I want to mention this. At that mastermind when I spoke that morning, I talked about loving yourself. I shared part of your practice like the mirror practice, two of the four, the mental loop and then the mirror, the two practices and the next morning Keith Battle, a member of our mastermind back then, by the way, he’s the author of A Second Chance who ironically, I am talking to today. But he came downstairs and he said, “Hal, what you talked about yesterday not the business stuff, the self-love stuff.” He said, “That was profound and it’s already changing my life,” and I said, “Thank you. Tell me more.” And he said, “Last night after you talked, I realized I’ve never told myself that I love myself because I’m 52 years old. I’ve never even thought to tell myself I love myself.” He goes, “So, I looked in the mirror and I started telling myself and it felt weird at first. So, I just kept doing it and doing it and doing it.” I think he sat there for like 5, 10, 15 minutes or even no, and he did it again. He said it that morning and he just said, “You know, I can’t believe it took me this long to love myself and tell myself that.”

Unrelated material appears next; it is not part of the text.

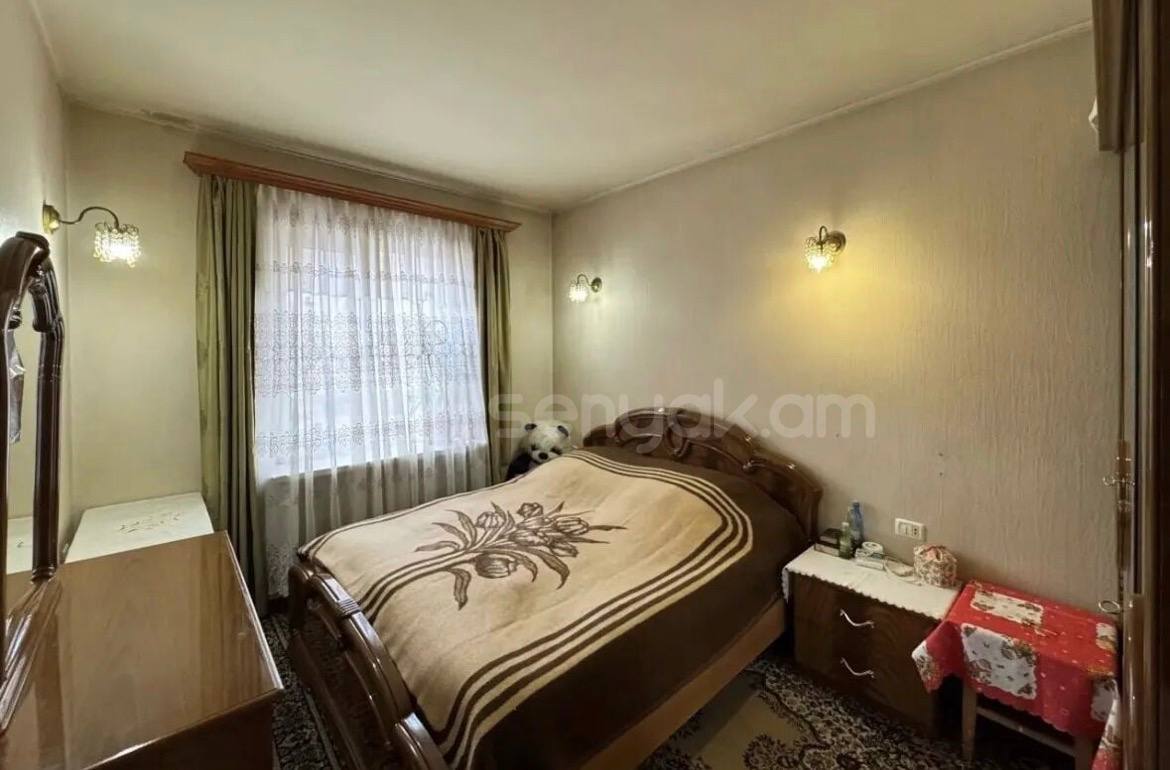 3 Սենյականոց Բնակարան, 83քմ, 2/9 հարկ, Կապիտալ Վերանորոգված, Կահավորված, Արևկող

Kamal Ravikant: Man, that’s powerful.
Hal Elrod: Yeah. I wanted to share that with you because…
Kamal Ravikant: Yeah. That’s powerful, man.
Hal Elrod: So powerful.
Kamal Ravikant: I mean most of us we don’t think that way and, look, often, when we’re told by society to love ourselves, it’s given us platitudes. Okay. Great. Love myself. Yeah. How? Like, you know, how? That was my thing, right? So, when I was at bottom and when I made that vow is like I had to figure out for myself. I didn’t do it to write a book. I did it to save myself and to keep a commitment to myself. I tried every crazy thing on my head and then once I came across things that worked, I just went deeper and eventually had a practice. I was it doing every day that didn’t take much time and really just changed my inside, which changed my outside. And I think that’s really important. It’s not just to tell people, “Hey, you need to love yourself.” Great. Thank you very much. It’s like, “Hey, you need to eat healthy.” “Great, thank you very much,” but tell them exactly like, “Look, this is what I’ve done. I used to be 500 pounds and look at me now I’m chiseled. This is what I did step by step.” That’s the best thing we can do, share our own improvements with others and how we did it practically.
Hal Elrod: So, let’s get into the practicality there. You say in the book that loving yourself is not a onetime thing, right? It’s like working out. It’s a practice. You have to do it consistently. And so, you’ve broken the practice down into four steps that can be done simultaneously, that can be done throughout the day, that can be mixed and match so to speak. And talk about that and I guess the mental loop is where you’d start because that was like looking for the simplest way when you made the vow, “I’m going to love myself from now on. I don’t know how. I don’t know what that looks like.” Talk about how these steps evolve so that people have some practical implementable step.
Kamal Ravikant: Sure. Happy to. One thing that I would say to is that for everyone who’s going to do this, when you’re reading the book, I go to the nuances and the nuances I learned are really important. That’s what keeps it consistent. So, like keep an eye for the nuances throughout the book and the nuances will take you through all the cushions and the stumbling blocks you have. That’s all the cushions you have from readers and the stumbling blocks. So, we don’t have time to cover the nuances, but the very basic was that I had to look. When I was trying to do it, I was like, “What’s the simplest thing I can do?” I was like, “I’m going to start telling myself I love myself.” So, just sort of saying it to myself like a madman, like a complete fricking madman, right? Like, I mean, really, I’m in New York City these days and you see people walking. It’s so unfortunate you see people walking around, obviously mentally unstable, talking to themselves.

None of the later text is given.